La pénurie de personnels est l'autre difficulté rencontrée par les officines actuellement. Comment la FSPF compte-t-elle aborder ce sujet ?
Le recrutement fait l'objet d'une grande enquête que nous avons lancée début mai et dont nous attendons les résultats à la fin du mois. Ils seront lourds d'enseignement. Car les problèmes de recrutement sont multifactoriels. Ils pointent la formation, l'attractivité du métier, la qualité de vie au travail… Autant de sujets auxquels nous nous sommes attelés au cours de ces dernières années. La formation a évolué avec le DEUST pour les préparateurs, par exemple. Le métier devient par ailleurs de plus en plus attractif car les tâches à l'officine se sont considérablement diversifiées. Le métier a changé. Quant à la qualité de vie au travail, nous avons comme d'autres secteurs d'activité, des amplitudes d'horaires importantes pour répondre aux besoins de nos patients, ce qui génère effectivement des contraintes sur le temps de travail.
Ces particularités ne vont-elles pas une nouvelle fois être abordées au cours de la nouvelle phase de négociation que vous venez d'entamer avec les représentants des salariés ?
Il est clair qu'avec la formation, les évolutions des salaires à l'embauche et la revalorisation des minima vont être mises sur la table des négociations. Mais j'attends la loi sur le pouvoir d'achat pour me prononcer. Va-t-on pouvoir utiliser la prime Macron comme élément de négociation collective ? La loi va-t-elle permettre de l'institutionnaliser ? Je sais par ailleurs que les centrales représentants les salariés sont très attachées à la notion de charges sociales.

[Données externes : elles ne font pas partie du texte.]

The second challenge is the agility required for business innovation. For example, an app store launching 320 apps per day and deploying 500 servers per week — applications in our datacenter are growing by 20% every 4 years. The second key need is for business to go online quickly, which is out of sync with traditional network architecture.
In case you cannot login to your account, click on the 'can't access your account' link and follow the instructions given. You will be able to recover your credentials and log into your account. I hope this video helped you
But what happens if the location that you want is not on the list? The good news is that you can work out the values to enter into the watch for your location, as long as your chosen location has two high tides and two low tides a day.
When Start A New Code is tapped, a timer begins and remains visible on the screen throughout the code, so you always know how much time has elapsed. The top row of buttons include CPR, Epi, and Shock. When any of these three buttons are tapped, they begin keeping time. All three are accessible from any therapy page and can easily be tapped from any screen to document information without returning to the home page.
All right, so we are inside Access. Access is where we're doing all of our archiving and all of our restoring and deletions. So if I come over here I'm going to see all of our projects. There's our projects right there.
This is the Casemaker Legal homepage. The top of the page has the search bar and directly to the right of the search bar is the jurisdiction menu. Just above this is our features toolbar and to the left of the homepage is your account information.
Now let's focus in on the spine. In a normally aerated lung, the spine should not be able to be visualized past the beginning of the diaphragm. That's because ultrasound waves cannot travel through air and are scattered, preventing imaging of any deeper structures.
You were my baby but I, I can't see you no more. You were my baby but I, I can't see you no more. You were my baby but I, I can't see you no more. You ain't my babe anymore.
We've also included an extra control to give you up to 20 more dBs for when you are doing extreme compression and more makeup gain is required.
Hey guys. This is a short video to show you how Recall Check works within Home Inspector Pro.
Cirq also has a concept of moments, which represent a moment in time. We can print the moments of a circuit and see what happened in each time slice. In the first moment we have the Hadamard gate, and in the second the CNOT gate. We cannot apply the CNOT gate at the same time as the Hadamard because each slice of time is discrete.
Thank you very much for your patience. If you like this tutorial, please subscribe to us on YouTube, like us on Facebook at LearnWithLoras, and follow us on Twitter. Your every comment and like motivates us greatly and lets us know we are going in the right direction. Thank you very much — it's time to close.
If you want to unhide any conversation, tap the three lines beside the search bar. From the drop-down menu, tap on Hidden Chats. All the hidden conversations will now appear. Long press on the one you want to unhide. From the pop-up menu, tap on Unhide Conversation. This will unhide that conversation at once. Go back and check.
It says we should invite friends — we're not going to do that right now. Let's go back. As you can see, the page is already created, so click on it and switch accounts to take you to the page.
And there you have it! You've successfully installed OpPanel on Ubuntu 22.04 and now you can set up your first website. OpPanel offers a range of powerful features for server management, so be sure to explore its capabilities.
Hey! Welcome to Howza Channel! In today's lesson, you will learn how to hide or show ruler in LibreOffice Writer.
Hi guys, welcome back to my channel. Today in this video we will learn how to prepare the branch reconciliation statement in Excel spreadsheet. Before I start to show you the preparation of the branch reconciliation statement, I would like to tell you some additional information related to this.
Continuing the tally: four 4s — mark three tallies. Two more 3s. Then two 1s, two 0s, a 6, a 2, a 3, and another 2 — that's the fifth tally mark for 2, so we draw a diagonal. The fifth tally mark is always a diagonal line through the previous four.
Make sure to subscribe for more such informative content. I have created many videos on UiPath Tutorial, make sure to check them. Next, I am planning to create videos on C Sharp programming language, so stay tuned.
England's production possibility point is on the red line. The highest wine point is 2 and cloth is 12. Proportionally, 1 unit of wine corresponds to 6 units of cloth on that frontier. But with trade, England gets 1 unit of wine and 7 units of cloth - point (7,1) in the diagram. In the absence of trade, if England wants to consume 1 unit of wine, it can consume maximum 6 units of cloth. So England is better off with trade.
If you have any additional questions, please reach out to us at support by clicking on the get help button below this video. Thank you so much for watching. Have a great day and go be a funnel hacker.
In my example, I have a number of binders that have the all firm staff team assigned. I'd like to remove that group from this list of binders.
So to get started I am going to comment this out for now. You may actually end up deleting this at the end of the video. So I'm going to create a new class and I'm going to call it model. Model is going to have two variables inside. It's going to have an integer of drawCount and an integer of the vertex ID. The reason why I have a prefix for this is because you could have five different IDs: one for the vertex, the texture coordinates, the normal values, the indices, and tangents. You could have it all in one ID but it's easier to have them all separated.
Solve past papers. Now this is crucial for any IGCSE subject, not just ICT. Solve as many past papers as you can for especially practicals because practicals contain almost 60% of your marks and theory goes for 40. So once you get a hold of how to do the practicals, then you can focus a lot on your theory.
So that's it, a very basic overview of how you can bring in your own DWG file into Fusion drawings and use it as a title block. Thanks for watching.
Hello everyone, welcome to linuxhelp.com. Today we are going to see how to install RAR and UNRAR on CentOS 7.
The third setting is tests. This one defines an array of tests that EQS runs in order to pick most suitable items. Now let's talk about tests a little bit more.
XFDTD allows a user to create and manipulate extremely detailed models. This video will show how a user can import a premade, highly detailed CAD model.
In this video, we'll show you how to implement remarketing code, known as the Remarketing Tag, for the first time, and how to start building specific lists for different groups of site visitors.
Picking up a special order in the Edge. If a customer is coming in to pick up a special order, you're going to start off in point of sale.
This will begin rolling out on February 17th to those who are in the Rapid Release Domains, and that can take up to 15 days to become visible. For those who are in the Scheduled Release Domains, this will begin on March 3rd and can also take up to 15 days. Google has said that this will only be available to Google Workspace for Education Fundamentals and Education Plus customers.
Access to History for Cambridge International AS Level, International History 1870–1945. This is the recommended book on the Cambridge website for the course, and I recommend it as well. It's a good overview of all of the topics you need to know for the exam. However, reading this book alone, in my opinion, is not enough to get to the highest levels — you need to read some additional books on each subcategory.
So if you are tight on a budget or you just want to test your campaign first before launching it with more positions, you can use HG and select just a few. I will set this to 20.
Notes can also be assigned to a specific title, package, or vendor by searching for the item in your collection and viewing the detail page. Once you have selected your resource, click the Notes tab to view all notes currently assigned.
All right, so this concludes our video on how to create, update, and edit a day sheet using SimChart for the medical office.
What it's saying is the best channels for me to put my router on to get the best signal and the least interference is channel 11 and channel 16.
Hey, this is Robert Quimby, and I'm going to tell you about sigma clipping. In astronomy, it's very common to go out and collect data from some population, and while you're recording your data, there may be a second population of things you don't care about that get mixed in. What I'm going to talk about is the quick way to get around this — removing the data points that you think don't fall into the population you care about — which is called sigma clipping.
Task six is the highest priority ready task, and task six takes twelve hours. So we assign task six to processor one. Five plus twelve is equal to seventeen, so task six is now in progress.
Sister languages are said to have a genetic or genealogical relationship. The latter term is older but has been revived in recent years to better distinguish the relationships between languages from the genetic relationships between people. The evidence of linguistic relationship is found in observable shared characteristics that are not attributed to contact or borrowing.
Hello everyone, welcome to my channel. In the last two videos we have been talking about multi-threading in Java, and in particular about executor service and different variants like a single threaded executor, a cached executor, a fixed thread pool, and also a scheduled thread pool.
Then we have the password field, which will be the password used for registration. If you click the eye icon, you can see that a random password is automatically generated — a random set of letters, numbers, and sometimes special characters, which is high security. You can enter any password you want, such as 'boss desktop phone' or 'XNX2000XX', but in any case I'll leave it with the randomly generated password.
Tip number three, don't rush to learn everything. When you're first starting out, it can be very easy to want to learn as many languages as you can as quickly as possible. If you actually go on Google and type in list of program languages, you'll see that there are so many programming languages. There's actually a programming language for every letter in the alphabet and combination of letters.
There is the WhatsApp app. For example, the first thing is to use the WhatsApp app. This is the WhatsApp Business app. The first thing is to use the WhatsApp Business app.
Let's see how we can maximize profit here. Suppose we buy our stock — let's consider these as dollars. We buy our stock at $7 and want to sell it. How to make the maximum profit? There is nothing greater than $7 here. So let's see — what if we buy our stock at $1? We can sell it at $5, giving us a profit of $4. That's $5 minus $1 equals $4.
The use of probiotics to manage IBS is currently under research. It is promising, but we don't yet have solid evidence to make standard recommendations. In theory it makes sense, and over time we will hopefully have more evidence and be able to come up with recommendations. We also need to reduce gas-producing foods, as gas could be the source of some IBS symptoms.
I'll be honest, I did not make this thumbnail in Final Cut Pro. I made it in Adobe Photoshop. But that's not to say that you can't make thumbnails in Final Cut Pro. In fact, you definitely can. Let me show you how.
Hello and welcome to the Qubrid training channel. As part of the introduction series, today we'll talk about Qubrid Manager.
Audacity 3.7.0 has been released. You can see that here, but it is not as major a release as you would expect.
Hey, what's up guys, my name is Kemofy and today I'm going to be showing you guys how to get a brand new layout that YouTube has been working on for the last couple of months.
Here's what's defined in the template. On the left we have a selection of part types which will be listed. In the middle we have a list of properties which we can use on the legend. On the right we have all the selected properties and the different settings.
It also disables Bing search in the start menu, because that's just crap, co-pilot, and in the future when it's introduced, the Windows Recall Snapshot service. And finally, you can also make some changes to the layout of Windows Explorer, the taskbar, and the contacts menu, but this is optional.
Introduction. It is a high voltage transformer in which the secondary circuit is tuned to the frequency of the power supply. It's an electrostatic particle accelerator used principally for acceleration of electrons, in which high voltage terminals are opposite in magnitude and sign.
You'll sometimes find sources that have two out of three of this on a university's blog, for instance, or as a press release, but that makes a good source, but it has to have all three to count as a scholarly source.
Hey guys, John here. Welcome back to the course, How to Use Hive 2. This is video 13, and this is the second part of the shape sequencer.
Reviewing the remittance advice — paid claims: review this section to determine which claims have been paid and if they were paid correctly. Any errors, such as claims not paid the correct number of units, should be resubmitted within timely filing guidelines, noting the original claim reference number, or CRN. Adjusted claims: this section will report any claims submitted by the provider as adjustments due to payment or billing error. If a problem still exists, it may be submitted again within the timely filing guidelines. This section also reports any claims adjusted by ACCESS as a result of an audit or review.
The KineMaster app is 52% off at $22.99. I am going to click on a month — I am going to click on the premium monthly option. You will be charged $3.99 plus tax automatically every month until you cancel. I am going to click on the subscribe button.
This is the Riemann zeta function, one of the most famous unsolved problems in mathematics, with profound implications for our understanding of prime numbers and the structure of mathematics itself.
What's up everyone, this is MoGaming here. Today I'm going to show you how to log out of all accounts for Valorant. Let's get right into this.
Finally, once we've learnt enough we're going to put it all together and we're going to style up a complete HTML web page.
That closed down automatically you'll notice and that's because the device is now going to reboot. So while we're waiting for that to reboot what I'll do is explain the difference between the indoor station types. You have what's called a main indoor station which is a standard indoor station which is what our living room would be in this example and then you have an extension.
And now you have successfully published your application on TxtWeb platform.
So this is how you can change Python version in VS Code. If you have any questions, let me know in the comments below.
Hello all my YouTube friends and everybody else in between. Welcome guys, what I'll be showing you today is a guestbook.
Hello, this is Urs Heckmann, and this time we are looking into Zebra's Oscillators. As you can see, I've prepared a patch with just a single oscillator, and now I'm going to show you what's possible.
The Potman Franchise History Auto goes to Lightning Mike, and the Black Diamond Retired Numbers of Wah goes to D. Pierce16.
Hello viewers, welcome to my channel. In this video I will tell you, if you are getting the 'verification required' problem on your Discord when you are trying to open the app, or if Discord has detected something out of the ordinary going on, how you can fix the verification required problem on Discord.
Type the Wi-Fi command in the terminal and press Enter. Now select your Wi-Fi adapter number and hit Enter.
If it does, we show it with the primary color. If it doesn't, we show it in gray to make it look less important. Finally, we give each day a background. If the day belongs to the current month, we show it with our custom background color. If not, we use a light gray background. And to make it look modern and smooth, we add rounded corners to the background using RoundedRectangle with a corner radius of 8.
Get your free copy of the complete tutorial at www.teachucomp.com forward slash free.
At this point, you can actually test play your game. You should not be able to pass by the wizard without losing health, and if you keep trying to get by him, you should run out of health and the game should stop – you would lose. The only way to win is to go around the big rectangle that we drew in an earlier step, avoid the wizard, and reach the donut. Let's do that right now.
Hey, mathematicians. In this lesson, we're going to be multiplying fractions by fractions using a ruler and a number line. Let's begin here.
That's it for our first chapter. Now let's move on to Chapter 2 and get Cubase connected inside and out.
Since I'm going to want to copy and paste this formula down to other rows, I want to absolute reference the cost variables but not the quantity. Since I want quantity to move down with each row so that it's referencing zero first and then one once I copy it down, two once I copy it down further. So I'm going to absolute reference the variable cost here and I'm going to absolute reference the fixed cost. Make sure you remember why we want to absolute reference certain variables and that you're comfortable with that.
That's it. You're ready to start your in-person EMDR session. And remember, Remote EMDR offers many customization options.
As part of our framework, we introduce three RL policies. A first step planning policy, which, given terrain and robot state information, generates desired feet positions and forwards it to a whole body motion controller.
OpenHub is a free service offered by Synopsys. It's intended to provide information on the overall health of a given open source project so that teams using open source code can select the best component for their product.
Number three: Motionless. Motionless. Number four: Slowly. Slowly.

Pour revenir au congrès, un événement inédit marquera le début de cette rencontre. Le vendredi, journée traditionnellement dédiée à la formation des cadres syndicaux, un débat sera proposé en visioconférence entre les pharmaciens et les médecins généralistes, eux-mêmes, en congrès à Dijon. Quel sens donner à cette démarche inédite ?
Jusqu'à présent, les échanges ont toujours eu lieu entre les représentants des deux professions. Ils ont toujours été de nature cordiale. Cette initiative va permettre, le 24 juin, aux adhérents d'échanger librement sur des thèmes qui leur sont communs. Je constate qu'au sommet des représentations, tout comme sur le terrain, une bonne entente règne entre pharmaciens et médecins. Les principales dissonances sont le fait d'échanges sur les réseaux sociaux, c'est le seul endroit où les choses se grippent.
Or l'interprofessionnalité nous tient beaucoup à cœur. Elle sera très présente au congrès, notamment à travers l'ESCAP* qui fera l'objet d'un atelier pratique le dimanche. Il s'agit pour nous d'une coordination de proximité incarnant un outil de lien ville-hôpital et de lutte contre la désertification médicale. L'ESCAP permet tout cela à la fois, avec et autour du patient, sans structure lourde. À condition toutefois que nous dispositions tous des mêmes logiciels.
L'ESCAP ne fera pas l'objet d'une ROSP à proprement parler, mais elle constitue un élément de la qualité des soins et on peut envisager que certains actes puissent être rémunérés dans le cadre d'un ESCAP, pour certaines typologies de patients, notamment.
* Équipe de soin coordonnée autour du patient.